Now, there are certain advantages to idolatry (in Barfield’s sense). There is no doubt that the methods and abstractions characteristic of our scientific age have given us an unprecedented ability to manipulate nature for our own ends, and we have all benefited in many ways from that ability. The modern attitude to nature has also opened up a new way of relating to it emotionally, a way in which her difference from us is part of the attraction. Think of a naturalist’s selfless and attentive love for the natural world. But we have lost something as well, not least a sense of continuity with our ancestors. Take again the case of Scriptural interpretation, a practice which straddles the historical divide between the ancient world and ours. For a non-participating consciousness like ours, a text is either an historical record or a symbolic representation, but not both. For earlier readers in our tradition it could be both. In fact, the traditional account of the relationship between the Old and New Testaments assumed a participating consciousness, so much so that Barfield concludes that “in one most real sense, the Old Testament was lost with the Reformation”.

Barfield perceived a kind of revival of participation in the early twentieth-century. Not that it was entirely dead prior to that, of course. He points to Blake and Goethe as major figures who had very strong instincts toward participation, and such instincts set them very much at odds with their times. But he caught the scent of participation — an appreciation that things can bear intrinsic symbolic content — especially from Freud and Jung, and he thought this significant because their ideas caught on widely on a cultural level in very short order. Granted, even they made only partial steps: for Freud, symbolism was still always in the mind alone, without a real connection to the outside world; Jung, with his ideas about the collective unconscious, went further but not all the way. And, in any case, I think it is fair to say that the Freudian and Jungian moment has passed, leaving little more than a residue. Is participation deader than ever?

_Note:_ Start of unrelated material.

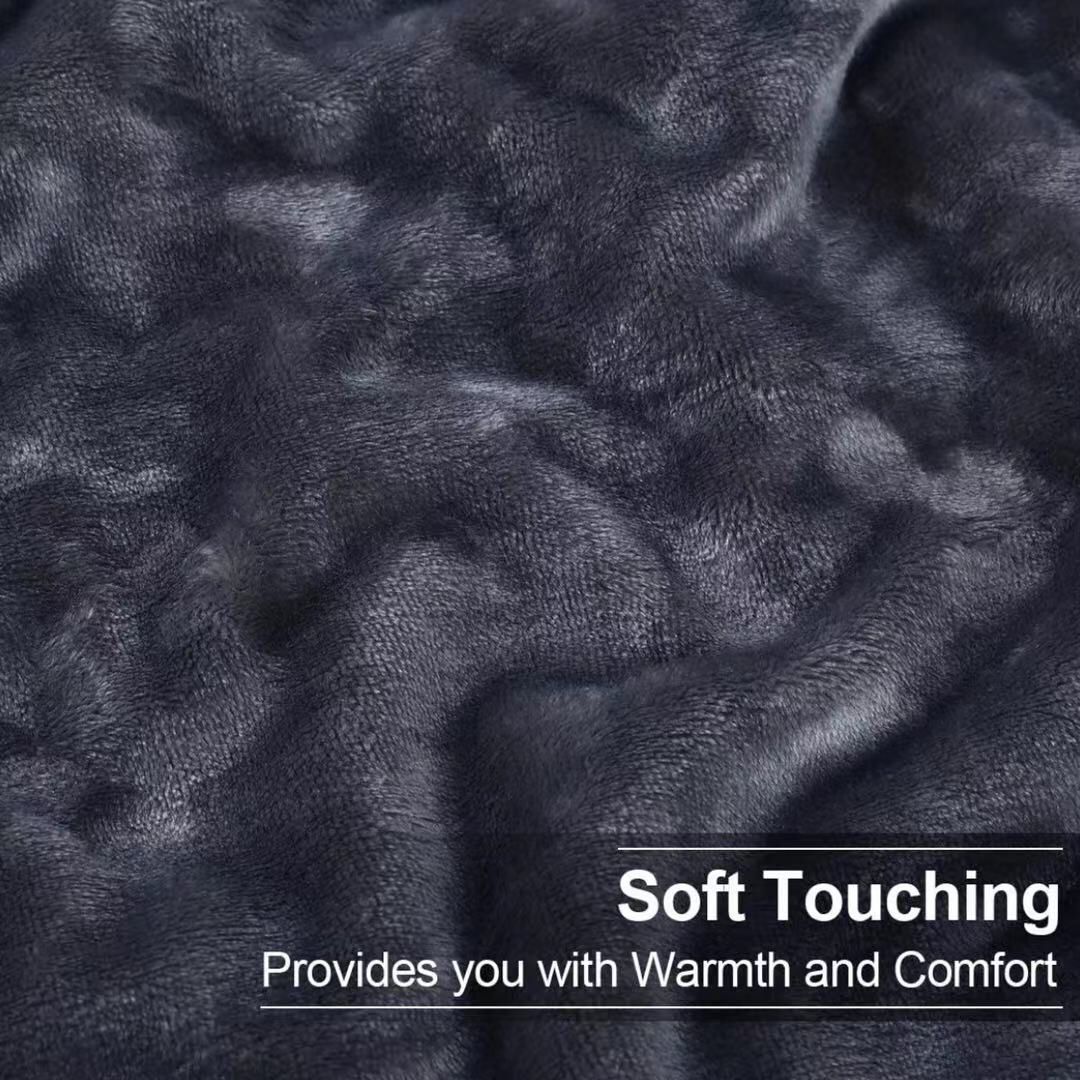EASELAND Soft Queen Size Blanket All Season Warm Microplush Lightweight Thermal Fleece Blankets for Couch Bed Sofa,90x90 Inches,Dark Gray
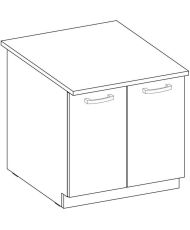 Low cabinet with 2 hinged doors and worktop - Matt gray - 80 x 51.6 x 82 cm - LASSEN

Well, maybe not. At the end of the book Barfield raises the prospect of something he calls “final participation”. The idea seems to be that here, on the far side of idolatry, a new kind of participation becomes possible based precisely on a conscious awareness that phenomena are representations. In final participation the percipient knows that he is involved in creating representations, and his imagination enters into the process directly. How this can elude the veto cast by the non-participating mind is hard to understand: isn’t this exactly the “gloss” that the parsimonious literalist objects to? But Barfield contends that either we will find a way to final participation or proceed further and further into idolatry and the elimination of participation, but elimination of participation is the elimination of meaning and coherence from the cosmos.

In his final pages he turns to consider the sacramental system of Christianity, one of the very few contexts in the modern world where things retain a sense of the “within”, of being more than just themselves, that is characteristic of participation. “The tender shoot of final participation,” he writes, “has from the first been acknowledged and protected by the Church in the institution of the Eucharist… In the physical act of communion as such, men can only take the Divine substance, the ‘Name apart’ directly into the unconscious part of themselves”. If true, the sacraments are thereby one of the keys to the recovery of meaning and the return of an enchanted world."